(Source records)
^^^^^^^^
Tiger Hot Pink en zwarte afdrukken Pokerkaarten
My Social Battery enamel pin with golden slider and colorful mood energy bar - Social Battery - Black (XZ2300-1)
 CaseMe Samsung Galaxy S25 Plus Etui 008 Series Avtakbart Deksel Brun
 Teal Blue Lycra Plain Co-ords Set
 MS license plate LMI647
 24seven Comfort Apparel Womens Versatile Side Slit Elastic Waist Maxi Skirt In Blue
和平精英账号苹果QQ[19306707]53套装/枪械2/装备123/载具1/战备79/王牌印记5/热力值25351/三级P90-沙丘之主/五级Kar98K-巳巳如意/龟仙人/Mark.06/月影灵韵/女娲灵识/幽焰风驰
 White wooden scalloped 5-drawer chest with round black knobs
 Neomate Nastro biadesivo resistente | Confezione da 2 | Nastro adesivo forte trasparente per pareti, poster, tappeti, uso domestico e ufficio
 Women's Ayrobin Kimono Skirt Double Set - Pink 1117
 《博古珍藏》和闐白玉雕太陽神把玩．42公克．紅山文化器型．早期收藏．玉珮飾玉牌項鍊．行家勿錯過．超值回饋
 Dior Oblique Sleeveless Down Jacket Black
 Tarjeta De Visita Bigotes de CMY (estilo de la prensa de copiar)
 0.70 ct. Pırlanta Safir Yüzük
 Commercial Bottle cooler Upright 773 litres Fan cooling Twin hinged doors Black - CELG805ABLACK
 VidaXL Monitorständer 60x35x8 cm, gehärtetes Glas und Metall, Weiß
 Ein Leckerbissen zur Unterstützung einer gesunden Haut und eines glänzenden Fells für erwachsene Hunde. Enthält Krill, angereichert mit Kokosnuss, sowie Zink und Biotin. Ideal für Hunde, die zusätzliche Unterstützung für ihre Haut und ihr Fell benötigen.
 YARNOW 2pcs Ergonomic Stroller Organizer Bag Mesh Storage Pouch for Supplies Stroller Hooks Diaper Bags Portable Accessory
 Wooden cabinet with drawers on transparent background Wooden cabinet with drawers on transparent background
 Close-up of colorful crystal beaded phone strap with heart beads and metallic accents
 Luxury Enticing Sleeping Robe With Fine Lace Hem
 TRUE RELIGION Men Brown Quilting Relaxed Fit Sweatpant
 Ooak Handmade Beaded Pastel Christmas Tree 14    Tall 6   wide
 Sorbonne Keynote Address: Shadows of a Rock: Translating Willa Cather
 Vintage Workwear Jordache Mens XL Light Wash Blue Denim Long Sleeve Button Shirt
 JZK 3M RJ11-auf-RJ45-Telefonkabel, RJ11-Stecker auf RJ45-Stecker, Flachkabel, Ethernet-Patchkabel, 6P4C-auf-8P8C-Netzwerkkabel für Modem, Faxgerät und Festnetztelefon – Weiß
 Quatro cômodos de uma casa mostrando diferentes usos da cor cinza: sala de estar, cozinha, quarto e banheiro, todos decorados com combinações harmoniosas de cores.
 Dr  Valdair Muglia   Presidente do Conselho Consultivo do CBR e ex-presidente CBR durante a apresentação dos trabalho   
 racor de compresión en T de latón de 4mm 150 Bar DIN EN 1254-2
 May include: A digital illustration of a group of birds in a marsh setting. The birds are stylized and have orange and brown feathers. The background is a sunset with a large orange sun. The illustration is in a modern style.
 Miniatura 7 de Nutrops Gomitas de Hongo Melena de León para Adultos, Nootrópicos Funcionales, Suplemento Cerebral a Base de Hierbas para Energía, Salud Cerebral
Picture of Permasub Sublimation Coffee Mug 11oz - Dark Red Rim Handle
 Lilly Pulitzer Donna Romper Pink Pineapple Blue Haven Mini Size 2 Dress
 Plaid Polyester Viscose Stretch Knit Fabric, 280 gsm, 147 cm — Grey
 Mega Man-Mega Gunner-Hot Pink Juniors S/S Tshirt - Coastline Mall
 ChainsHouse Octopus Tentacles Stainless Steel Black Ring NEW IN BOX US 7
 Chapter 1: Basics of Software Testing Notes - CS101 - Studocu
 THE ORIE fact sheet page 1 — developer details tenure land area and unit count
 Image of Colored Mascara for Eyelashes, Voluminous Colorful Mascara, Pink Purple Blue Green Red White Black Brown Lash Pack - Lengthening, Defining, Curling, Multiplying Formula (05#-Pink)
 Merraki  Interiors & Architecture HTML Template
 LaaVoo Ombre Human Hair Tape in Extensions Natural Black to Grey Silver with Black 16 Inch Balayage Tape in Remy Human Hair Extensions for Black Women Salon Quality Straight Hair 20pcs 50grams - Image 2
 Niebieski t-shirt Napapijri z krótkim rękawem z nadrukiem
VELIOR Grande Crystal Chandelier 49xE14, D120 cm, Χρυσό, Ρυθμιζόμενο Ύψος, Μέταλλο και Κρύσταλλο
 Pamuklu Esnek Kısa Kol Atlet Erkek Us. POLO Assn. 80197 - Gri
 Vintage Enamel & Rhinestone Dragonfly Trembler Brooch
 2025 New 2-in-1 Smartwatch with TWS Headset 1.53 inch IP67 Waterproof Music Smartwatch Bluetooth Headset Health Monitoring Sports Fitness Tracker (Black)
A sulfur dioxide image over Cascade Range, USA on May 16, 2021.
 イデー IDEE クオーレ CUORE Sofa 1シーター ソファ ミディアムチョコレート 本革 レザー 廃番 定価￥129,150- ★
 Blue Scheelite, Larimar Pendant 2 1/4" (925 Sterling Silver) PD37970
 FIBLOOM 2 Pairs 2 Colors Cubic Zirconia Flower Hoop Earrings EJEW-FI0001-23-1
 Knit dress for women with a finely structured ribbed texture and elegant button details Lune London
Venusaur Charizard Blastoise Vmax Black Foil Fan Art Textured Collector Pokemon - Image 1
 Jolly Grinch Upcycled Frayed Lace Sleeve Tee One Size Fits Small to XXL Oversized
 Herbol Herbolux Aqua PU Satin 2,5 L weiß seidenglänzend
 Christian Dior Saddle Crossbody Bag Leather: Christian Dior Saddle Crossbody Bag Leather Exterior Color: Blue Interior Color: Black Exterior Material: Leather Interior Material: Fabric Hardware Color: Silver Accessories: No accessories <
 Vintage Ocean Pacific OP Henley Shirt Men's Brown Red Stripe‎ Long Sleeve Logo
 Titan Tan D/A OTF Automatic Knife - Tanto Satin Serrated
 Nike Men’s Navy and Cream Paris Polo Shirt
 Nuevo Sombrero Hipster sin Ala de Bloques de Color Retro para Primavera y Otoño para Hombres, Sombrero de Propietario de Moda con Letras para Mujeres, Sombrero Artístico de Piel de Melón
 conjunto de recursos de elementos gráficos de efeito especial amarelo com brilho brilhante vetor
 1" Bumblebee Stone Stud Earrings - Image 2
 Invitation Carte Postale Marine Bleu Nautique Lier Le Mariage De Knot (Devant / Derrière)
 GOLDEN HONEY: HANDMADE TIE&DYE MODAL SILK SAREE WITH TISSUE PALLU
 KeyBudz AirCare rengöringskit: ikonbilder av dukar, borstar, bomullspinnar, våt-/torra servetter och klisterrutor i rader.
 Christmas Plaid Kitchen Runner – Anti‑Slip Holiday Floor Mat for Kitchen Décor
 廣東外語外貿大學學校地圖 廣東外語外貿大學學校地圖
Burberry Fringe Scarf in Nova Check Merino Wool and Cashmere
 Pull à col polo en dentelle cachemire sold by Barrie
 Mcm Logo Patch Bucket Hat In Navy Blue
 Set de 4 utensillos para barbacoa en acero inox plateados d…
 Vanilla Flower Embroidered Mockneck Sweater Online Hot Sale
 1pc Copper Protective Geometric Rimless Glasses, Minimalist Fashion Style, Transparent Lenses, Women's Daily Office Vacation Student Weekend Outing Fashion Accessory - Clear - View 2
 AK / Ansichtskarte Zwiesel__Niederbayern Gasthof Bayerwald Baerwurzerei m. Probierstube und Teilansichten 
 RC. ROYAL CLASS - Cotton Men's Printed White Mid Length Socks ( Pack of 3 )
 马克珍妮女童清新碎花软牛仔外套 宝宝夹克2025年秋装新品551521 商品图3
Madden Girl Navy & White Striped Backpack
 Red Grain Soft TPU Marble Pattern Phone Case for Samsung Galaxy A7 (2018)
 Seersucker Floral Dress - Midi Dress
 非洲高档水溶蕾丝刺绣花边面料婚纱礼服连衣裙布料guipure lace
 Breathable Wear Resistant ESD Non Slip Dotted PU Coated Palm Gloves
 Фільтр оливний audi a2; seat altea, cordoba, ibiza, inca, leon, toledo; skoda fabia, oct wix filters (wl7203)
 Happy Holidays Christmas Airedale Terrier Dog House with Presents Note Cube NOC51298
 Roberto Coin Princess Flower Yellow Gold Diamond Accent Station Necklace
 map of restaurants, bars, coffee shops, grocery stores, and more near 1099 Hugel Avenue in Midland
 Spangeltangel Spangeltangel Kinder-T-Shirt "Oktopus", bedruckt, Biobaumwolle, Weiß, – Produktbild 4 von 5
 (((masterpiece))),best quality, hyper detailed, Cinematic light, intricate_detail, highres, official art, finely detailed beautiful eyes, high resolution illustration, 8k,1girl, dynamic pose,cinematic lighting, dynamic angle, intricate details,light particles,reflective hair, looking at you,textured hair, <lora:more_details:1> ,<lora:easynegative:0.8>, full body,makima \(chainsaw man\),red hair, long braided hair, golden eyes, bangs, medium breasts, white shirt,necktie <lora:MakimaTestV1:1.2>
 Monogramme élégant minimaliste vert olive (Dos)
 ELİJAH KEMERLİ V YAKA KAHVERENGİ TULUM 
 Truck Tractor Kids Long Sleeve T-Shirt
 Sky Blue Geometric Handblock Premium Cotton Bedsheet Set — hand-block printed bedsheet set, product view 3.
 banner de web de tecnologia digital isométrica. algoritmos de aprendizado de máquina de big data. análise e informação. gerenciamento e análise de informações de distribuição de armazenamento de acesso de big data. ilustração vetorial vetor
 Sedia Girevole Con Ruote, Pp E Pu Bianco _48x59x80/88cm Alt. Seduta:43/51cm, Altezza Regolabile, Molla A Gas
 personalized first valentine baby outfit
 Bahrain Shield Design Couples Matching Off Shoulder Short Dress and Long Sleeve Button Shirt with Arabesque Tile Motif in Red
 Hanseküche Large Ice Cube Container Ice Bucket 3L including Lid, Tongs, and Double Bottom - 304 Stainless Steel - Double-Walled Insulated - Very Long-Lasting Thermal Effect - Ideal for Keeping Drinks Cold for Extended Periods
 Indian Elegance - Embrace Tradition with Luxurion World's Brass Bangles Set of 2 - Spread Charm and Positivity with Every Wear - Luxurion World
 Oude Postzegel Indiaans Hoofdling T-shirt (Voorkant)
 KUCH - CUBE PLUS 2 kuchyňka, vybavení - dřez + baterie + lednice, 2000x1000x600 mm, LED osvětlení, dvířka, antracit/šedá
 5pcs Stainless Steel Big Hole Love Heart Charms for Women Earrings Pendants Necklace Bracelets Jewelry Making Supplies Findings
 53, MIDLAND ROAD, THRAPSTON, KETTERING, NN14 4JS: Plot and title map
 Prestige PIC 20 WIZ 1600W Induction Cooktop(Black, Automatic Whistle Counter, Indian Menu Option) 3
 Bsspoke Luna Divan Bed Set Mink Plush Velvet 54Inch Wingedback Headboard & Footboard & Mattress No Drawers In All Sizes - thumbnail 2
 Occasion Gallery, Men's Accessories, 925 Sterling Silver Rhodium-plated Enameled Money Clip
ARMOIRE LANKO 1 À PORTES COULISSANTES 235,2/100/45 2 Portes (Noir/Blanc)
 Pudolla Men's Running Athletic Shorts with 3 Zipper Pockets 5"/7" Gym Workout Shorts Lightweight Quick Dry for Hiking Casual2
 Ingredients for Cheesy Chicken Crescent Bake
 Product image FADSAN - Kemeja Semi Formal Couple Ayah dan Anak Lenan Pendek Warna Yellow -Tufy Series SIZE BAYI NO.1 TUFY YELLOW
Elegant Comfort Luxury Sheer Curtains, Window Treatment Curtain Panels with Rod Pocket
^^^^^^^^
■ **ASSIGNMENT**: Word for word, set down the lines from the beginning of the records through the line that holds "和平精英账号苹果QQ[193". Leave out the rest.

■ **COMPLETED EXERCISE**:
Tiger Hot Pink en zwarte afdrukken Pokerkaarten
My Social Battery enamel pin with golden slider and colorful mood energy bar - Social Battery - Black (XZ2300-1)
 CaseMe Samsung Galaxy S25 Plus Etui 008 Series Avtakbart Deksel Brun
 Teal Blue Lycra Plain Co-ords Set
 MS license plate LMI647
 24seven Comfort Apparel Womens Versatile Side Slit Elastic Waist Maxi Skirt In Blue
和平精英账号苹果QQ[19306707]53套装/枪械2/装备123/载具1/战备79/王牌印记5/热力值25351/三级P90-沙丘之主/五级Kar98K-巳巳如意/龟仙人/Mark.06/月影灵韵/女娲灵识/幽焰风驰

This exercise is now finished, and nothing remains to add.